Only the lines from the one containing "Mitsubishi Outlander 2014" through the end of the data are wanted, reproduced exactly and without pictures.

────

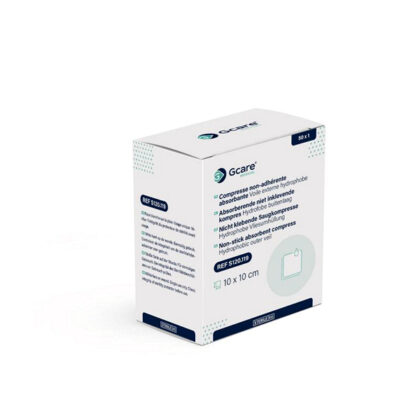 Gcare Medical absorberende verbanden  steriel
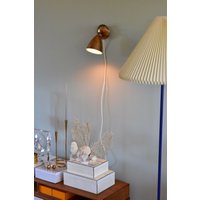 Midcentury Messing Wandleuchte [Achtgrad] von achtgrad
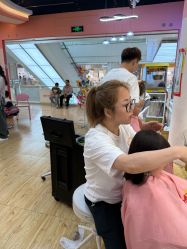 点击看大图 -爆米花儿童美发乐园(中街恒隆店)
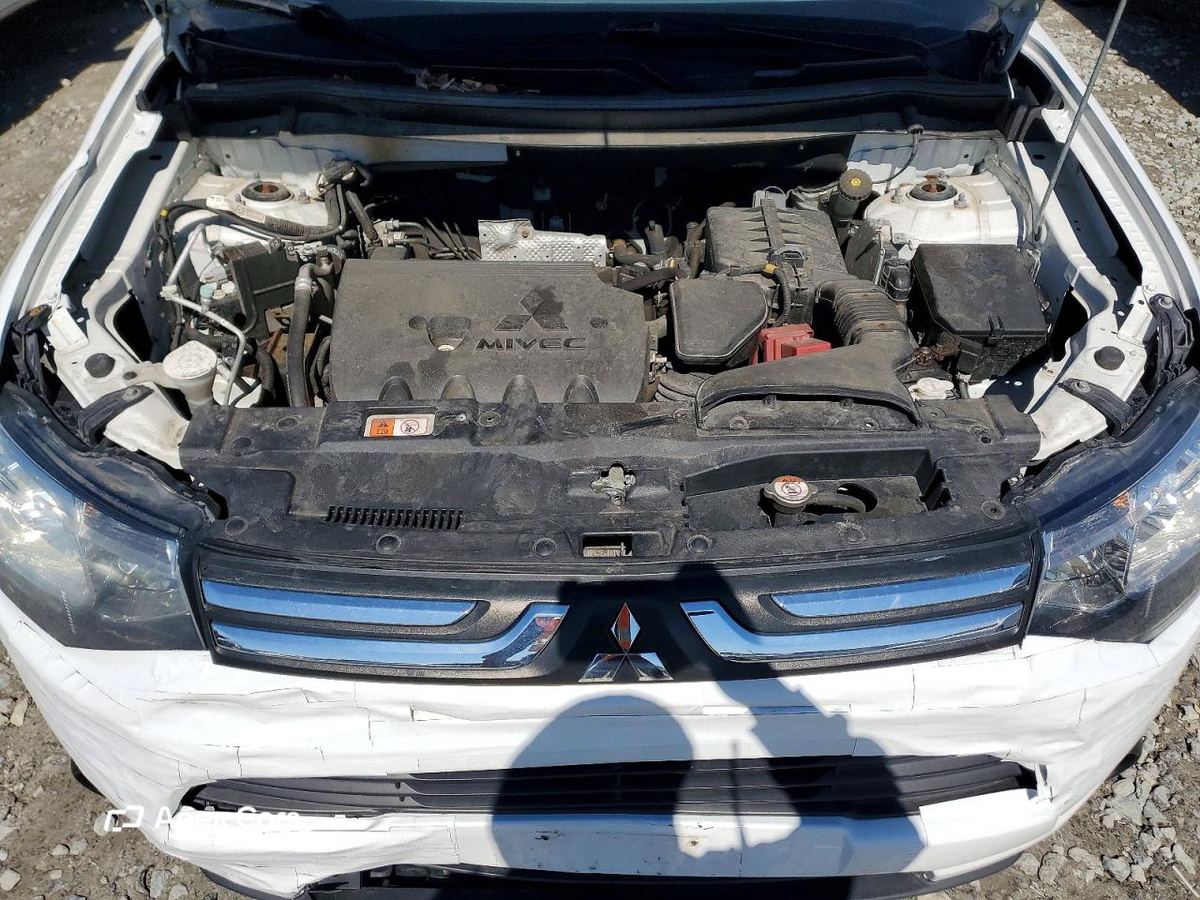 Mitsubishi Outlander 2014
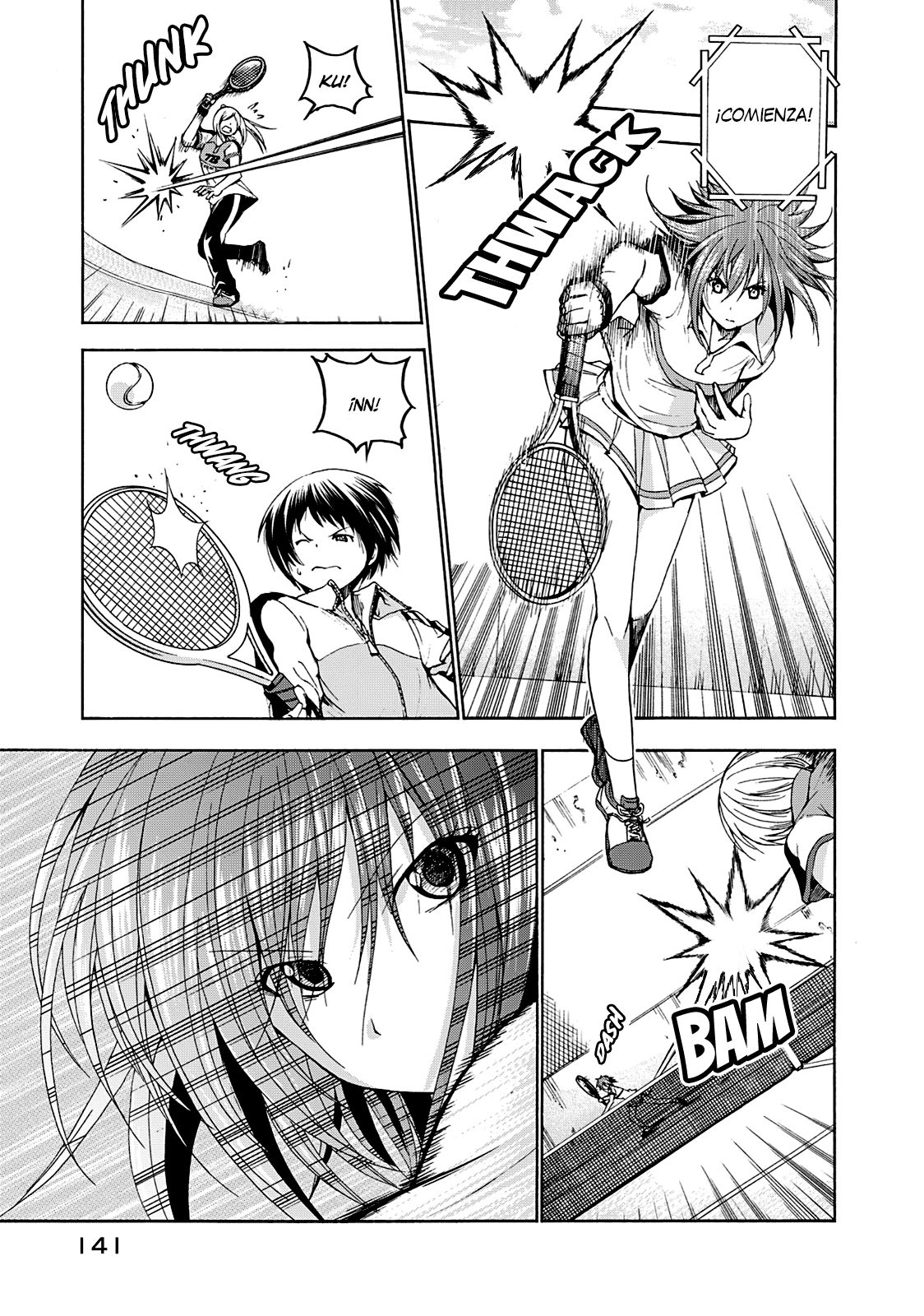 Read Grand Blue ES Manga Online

────

[Answer section]:
 Mitsubishi Outlander 2014
 Read Grand Blue ES Manga Online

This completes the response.